Data to use:
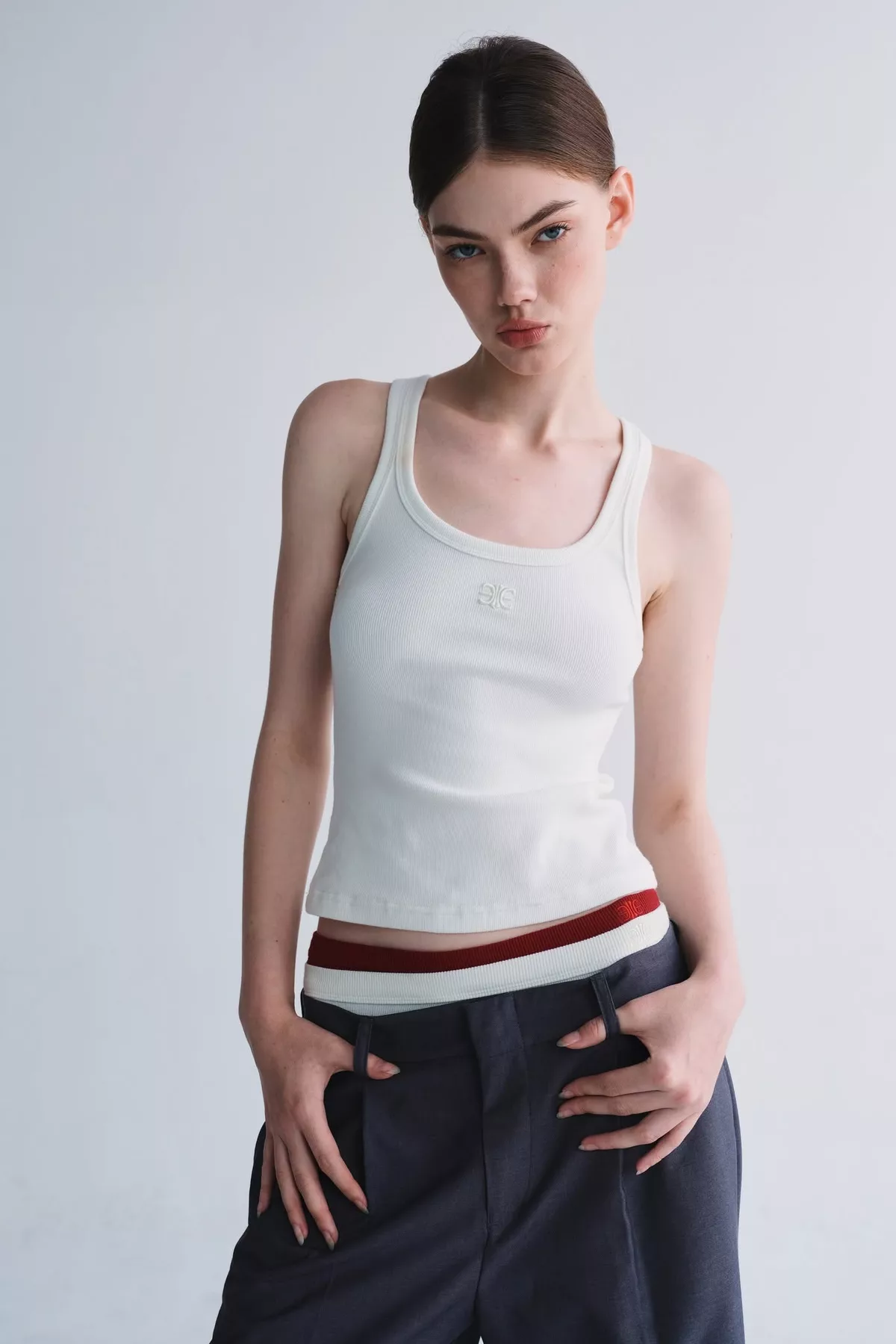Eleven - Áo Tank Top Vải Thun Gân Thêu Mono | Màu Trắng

==

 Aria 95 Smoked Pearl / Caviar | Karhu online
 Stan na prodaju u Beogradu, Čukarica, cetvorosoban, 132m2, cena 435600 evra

What to produce:
What are the lines above, starting at the one with "Aria 95 Smoked Pearl / Caviar | Karhu online" and ending at the one with "Stan na prodaju"? Give them again exactly, and only them.

Task result:
 Aria 95 Smoked Pearl / Caviar | Karhu online
 Stan na prodaju u Beogradu, Čukarica, cetvorosoban, 132m2, cena 435600 evra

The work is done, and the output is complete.